Die Verkehrskreise, die die im Anmeldezeichen enthaltene Kolben-Pleuelstangen-Anordnung als solche erkennen, können sie auch als Hinweis auf eine Maschine oder ein Fahrzeug mit Verbrennungsmotor auffassen. Dafür können die oben genannten Waren jedoch eingesetzt werden. Zudem vermindert die nicht naturgetreue Wiedergabe der Kolben-Pleuelstangen-Anordnung die Gefahr, dass sie als eindeutiger Hinweis auf die Verwendbarkeit aller beschwerdegegenständlichen Waren in oder für Verbrennungsmotoren aufgefasst wird. Damit besteht die Möglichkeit eines nicht irreführenden Einsatzes des Anmeldezeichens, was die Anwendbarkeit des besagten Schutzhindernisses der Täuschungsgefahr ausschließt (vgl. EuGH GRUR 2006, 416, Rdnr. 48 und 49 – ELIZABETH EMANUEL).

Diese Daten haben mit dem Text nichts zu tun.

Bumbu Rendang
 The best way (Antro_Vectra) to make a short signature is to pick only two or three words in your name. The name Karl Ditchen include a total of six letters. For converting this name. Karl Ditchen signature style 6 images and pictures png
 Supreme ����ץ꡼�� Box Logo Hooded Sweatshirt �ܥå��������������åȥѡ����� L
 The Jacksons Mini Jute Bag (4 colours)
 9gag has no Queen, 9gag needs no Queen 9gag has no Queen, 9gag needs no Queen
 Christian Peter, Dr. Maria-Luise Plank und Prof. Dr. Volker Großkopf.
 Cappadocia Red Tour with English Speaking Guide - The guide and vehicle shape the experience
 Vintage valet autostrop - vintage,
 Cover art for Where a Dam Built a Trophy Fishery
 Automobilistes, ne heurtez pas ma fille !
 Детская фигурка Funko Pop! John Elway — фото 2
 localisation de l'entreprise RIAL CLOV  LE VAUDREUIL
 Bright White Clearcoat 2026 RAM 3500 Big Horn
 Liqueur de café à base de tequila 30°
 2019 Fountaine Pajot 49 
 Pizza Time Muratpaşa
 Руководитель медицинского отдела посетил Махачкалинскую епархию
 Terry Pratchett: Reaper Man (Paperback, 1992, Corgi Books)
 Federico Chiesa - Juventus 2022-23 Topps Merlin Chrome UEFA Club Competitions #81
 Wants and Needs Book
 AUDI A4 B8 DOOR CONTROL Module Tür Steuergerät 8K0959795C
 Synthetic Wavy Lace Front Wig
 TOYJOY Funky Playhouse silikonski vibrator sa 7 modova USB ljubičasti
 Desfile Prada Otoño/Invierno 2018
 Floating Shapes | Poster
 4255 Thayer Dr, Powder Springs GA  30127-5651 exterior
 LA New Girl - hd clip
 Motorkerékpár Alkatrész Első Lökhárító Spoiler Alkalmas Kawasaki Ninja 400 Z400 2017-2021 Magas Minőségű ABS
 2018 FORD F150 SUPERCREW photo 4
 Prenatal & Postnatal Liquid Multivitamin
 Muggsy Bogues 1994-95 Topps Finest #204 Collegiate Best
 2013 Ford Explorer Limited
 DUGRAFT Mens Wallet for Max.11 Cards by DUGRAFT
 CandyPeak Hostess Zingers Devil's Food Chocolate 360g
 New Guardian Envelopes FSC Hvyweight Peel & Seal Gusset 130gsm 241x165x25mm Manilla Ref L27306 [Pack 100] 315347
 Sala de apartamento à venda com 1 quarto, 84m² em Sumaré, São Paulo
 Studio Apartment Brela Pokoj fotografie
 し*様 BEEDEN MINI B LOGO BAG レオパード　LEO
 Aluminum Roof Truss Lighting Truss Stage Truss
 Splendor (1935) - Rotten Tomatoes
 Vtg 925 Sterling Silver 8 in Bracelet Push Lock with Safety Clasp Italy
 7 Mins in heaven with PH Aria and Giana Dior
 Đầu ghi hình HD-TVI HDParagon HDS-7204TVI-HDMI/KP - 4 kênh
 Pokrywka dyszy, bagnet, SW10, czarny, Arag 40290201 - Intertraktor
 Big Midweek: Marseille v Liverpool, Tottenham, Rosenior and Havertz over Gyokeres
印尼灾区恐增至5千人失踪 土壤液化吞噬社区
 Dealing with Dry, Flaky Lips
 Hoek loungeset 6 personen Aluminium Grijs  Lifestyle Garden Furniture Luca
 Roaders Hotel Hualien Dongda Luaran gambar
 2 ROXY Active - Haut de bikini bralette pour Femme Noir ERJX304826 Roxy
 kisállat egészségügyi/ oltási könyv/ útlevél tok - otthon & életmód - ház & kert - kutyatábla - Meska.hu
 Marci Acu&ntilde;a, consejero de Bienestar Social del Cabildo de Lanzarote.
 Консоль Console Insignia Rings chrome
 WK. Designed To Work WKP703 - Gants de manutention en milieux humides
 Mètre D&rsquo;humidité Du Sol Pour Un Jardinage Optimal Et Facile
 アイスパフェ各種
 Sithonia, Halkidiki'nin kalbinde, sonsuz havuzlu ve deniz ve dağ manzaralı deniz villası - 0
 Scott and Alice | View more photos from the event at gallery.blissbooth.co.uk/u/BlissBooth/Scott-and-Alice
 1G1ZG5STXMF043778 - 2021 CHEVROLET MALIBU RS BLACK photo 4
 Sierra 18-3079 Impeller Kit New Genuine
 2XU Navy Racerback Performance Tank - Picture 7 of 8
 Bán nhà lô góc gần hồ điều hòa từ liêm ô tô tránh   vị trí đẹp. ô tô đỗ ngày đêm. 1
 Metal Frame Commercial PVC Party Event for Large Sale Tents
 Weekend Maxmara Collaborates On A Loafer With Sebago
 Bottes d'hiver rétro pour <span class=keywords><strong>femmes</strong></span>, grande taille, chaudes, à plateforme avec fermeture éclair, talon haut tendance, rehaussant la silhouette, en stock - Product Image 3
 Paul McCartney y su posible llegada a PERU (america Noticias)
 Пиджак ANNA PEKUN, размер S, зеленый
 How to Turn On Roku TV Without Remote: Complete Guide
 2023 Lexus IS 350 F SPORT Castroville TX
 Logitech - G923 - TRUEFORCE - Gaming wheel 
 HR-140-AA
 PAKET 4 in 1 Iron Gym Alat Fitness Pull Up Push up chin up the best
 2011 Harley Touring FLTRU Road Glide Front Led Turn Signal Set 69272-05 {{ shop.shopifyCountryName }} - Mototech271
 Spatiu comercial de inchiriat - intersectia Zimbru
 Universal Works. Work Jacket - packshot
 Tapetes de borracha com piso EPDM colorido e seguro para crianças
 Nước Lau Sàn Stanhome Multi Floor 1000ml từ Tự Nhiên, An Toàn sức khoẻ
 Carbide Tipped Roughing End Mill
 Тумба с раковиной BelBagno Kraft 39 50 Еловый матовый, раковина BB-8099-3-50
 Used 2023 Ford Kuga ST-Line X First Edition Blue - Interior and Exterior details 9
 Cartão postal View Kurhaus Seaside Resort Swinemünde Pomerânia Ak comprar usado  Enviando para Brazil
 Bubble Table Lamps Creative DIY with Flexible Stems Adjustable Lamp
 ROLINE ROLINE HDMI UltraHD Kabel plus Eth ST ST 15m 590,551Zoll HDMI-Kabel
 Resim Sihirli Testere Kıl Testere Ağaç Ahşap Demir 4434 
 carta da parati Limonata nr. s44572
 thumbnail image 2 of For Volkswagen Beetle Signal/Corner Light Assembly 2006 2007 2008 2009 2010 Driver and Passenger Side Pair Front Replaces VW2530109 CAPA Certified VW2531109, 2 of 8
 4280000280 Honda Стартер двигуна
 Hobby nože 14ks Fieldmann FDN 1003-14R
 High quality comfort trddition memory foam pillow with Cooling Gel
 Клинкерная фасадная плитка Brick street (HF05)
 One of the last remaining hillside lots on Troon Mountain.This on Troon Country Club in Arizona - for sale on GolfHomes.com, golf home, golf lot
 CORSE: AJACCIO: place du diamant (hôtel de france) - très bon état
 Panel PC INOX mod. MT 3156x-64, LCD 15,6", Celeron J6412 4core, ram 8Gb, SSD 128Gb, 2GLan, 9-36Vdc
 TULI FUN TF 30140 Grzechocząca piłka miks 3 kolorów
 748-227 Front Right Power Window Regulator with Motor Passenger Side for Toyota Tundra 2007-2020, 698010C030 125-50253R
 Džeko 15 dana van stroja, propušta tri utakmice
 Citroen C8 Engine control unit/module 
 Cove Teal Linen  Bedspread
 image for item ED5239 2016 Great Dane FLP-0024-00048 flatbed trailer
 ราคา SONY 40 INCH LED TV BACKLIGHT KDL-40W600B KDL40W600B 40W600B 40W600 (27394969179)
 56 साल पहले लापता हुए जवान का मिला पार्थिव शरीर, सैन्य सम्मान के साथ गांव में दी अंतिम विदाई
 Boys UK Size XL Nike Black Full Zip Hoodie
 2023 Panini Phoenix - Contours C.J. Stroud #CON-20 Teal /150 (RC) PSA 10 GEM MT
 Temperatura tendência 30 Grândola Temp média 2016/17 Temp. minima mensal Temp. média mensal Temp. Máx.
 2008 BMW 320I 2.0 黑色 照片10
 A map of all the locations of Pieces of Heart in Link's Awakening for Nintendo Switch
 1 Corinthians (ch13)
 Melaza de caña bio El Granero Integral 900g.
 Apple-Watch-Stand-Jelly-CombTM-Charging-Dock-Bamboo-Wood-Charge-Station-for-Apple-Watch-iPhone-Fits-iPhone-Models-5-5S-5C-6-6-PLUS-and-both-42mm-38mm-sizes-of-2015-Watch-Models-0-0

Die Verkehrskreise, welche in der auf der Vorderseite angebrachten Gestaltung keine Kolben-Pleuelstangen-Anordnung sehen, werden das Anmeldezeichen nicht als Sachhinweis auffassen. Demzufolge können sie keiner unzutreffenden Vorstellung über den Bestimmungszweck der beschwerdegegenständlichen Waren unterliegen.
Weitere Eintragungshindernisse sind nicht ersichtlich, so dass der Beschwerde stattzugeben war.